The road to fusion is a long slog, a fact that began to become apparent as early as the 1950s. It was then that the ZETA — Zero-Energy Toroidal (or Thermonuclear) Assembly — had pride of place as the fusion machine of the future, or so scientists working on the device in the UK thought. A design based on a confinement technique called Z-pinch (about which more in a moment), ZETA began operations in 1957 and began producing bursts of neutrons, thought to flag fusion reactions in an apparent sign that the UK had taken the lead over fusion efforts in the US.

This was major news in its day and it invigorated a world looking for newer, cheaper sources of power, but sadly, the results proved bogus, the neutrons being byproducts of instabilities in the system and not the result of fusion at all. Fusion has had public relations problems ever since, always the power source of the future and always just a decade or two away from realization. But of course, we learn from such errors, and refined pinch concepts — in which electric current induced into a plasma causes (via the Lorenz force) the plasma to pinch in on itself, compressing it to fusion conditions — continue to be explored.

Image: The ZETA device at Harwell. The toroidal confinement tube is roughly centered, surrounded by a series of stabilizing magnets (silver rings). The much larger peanut shaped device is the magnet used to induce the pinch current in the tube. Credit: Wikimedia Commons.

In today’s Z-pinch work, current to the plasma is provided by a large bank of capacitors, creating the magnetic field that causes the plasma to be pinched into a smaller cylinder to reach fusion conditions (the axis of current flow is called the z axis, hence the name). Here we can think of two major facilities used in nuclear weapons effects testing in the defense industry as well as in fusion energy research: The Z Machine located at Sandia National Laboratories in New Mexico and the MAGPIE pulsed power generator at Imperial College, London. And lately a Z-pinch machine called a Decade Module Two has made the news.

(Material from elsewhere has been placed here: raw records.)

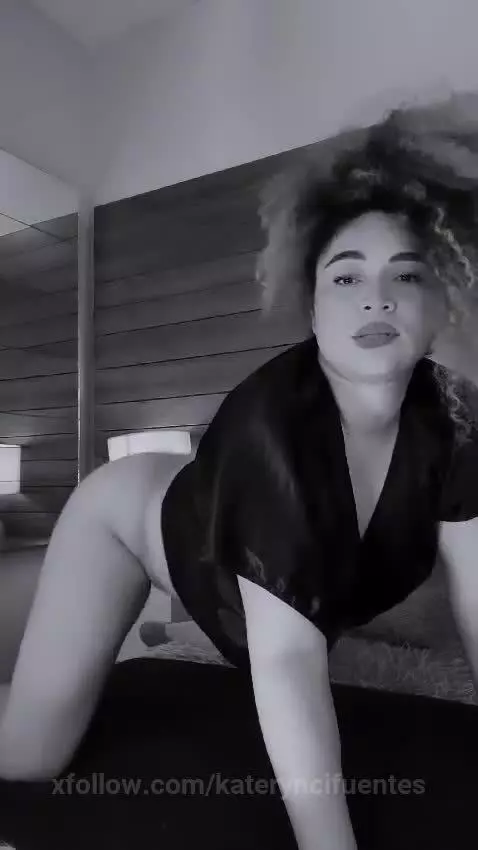 I’m starved for your hard cock  😈​ by kateryncifuentes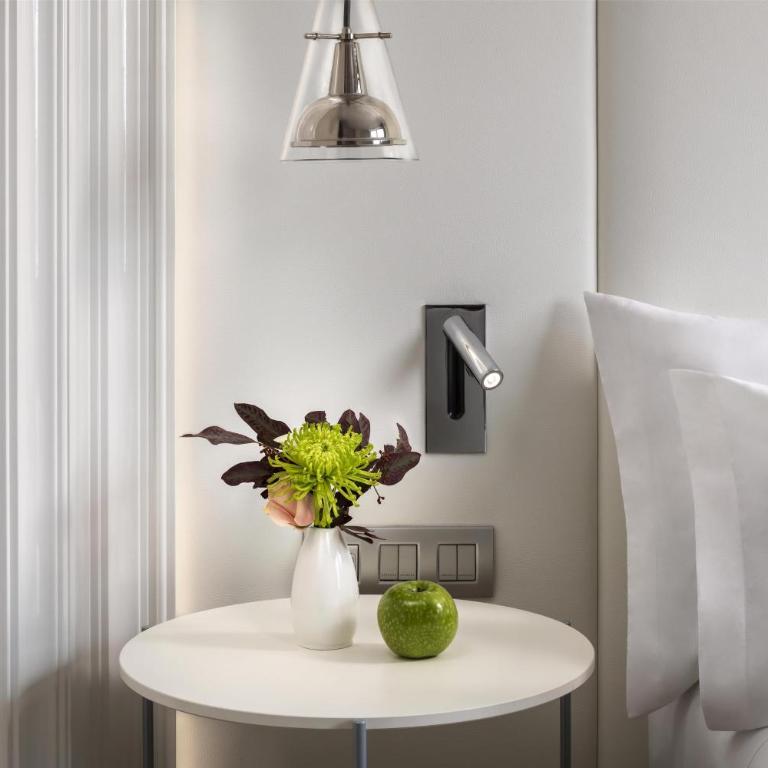 NH Collection Barcelona Gran Hotel Calderon - Superior Double or Twin Room - 5
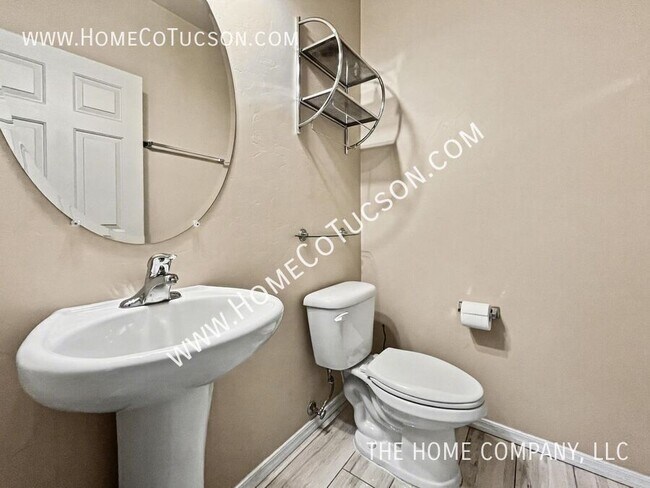 Building Photo - 2808 N Silkie Pl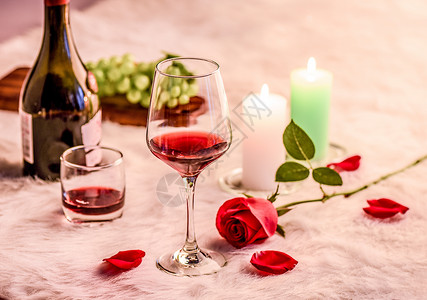 玫瑰红酒高脚杯高清图片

As explained by an article in The Huntsville Times back in May, researchers at Marshall Space Flight Center and their colleagues at the University of Alabama at Huntsville will have a Decade Module Two (DM2) at their disposal once they finish the process of unloading and assembling the house-sized installation at Redstone Arsenal. Originally designed as one of several modules to be used in radiation testing, the DM2 was the prototype for a larger machine, but even this smaller version required quite an effort to move it, as can be seen in this Request for Proposal issued back in August of 2011, which laid out the dismantling and move from L-3 Communications Titan Corporation in San Leandro, CA.

The DM2 got a brief spike in the press as news of the acquisition became available, but note that the 60-foot machine is not expected to be powered up any earlier than 2013 and will not reach break-even fusion when it does. But this pulsed-power facility should be quite useful as engineers test Z-pinch fusion techniques and nozzle systems that would allow the resulting plasma explosions to be directed into a flow of thrust to propel a spacecraft. Z-pinch and related ignition methods have been under study for half a decade, but Huntsville’s DM2 may move us a step closer to learning whether pulsed fusion propulsion will be practical.

Image: Z-pinch engine concept. Credit: NASA.

The fusion power effort includes not just MSFC and UAH but Boeing as well. Jason Cassibry (UAH) talks about its ultimate goal as being a lightweight pulsed fusion system that could cut the travel time to Mars down to six to eight weeks, and he’s quoted in this story in Popular Mechanics as saying that “The time is perfect to reevaluate fusion for space propulsion.” Working the kinks out of Z-pinch would be a major contribution to that effort, and we can hope the DM2 installation may lead to the design and testing of actual thrusters, though right now we’re still early in the process.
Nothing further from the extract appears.